SSブログ

「オペラ座の怪人」に惑う・「パンとワインと愛~閑話休題その9~」

ロック歌唱のファントムはALWの出世作・
「ジーザス・クライスト・スーパースター」を思い起こさせます。

「ジイザアァァース!」と切なげにロック歌唱で叫ぶユダ。
愛を独占したがる姿に、何故か「ベニスの商人」の、アントーニオの
flesh・1ポンドを欲しがったシャイロックの姿が重なりました。

友人のバッサーニォーの代わりにユダヤ人・シャイロックから
3000ダカットを借りる商人・アントーニォ。
担保に身体の肉1ポンドをと言われ、気軽に承諾するも、
全財産を積んだ船が難破。
裁判となり、いよいよシャイロックの刃がアントーニォに向かった時、
裁判官(実はバッサ-ニォの妻・ポーシャ)の声が飛ぶ。

Cut your flesh, but spill no blood, then.

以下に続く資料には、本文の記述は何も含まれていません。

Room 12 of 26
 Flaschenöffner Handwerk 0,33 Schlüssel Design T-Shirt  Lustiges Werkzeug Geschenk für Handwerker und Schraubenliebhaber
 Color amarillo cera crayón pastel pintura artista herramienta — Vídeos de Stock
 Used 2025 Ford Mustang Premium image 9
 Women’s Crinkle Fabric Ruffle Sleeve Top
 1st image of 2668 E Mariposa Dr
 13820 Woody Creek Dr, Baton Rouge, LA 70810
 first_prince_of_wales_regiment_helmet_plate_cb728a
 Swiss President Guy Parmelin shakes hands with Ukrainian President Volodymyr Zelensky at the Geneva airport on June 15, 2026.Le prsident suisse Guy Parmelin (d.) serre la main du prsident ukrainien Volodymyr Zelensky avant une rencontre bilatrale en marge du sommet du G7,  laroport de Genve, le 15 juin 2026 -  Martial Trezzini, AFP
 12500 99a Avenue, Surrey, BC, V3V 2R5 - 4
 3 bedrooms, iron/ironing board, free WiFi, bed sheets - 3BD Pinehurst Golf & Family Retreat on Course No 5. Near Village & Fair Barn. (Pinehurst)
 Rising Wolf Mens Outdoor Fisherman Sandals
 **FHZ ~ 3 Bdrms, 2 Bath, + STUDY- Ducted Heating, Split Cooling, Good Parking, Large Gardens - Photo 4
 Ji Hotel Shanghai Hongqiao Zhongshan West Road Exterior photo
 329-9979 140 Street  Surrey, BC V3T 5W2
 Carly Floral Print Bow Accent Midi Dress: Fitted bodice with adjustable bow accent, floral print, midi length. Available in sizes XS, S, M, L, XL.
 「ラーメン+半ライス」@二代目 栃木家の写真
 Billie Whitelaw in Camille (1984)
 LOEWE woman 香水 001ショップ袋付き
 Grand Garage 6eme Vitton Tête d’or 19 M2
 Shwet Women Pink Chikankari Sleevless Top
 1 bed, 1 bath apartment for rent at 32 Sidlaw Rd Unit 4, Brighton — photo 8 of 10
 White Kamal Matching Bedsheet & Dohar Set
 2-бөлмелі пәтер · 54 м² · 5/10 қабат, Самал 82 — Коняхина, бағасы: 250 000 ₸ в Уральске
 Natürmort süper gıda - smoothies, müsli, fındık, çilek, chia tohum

“Cinna’s Easy Plays from Shakespeare  
       THE MERCHANT OF VENICE”

「肉を切りなさい、ただし、血は流すな。」

就学前に読んでいた「ベニスの商人」に高校の英語の授業で再び出あったとき、
fleshにやたらにこだわるシャイロックが
実はアントーニオを愛していたという演出もあり得るかも、と思っていたのです。

お金の担保にfleshを求めるシャイロック、
本当はアントーニォ(または彼が属する世界)への憧れ、
愛が欲しいのではないかと。
ジーザスを売ったユダも、欲しいのはお金ではなく愛。
それはより、肉欲に近いものではなかったかと。

flesh&bloodで人間と聖書に訳されているそう。
また最後の晩餐においてジーザスはパンを自分の肉とし、
ワインを自分の血として与えています。

bloodとfleshという言葉、「オペラ座の怪人」にも出てきますね。
Christine:
Have you gorged yourself at last
in your lust for blood?
Am I now to be prey
to your lust for flesh?

Phantom:
That fate, which condemns me to wallow in blood
Has also denied me the joys of the flesh . . .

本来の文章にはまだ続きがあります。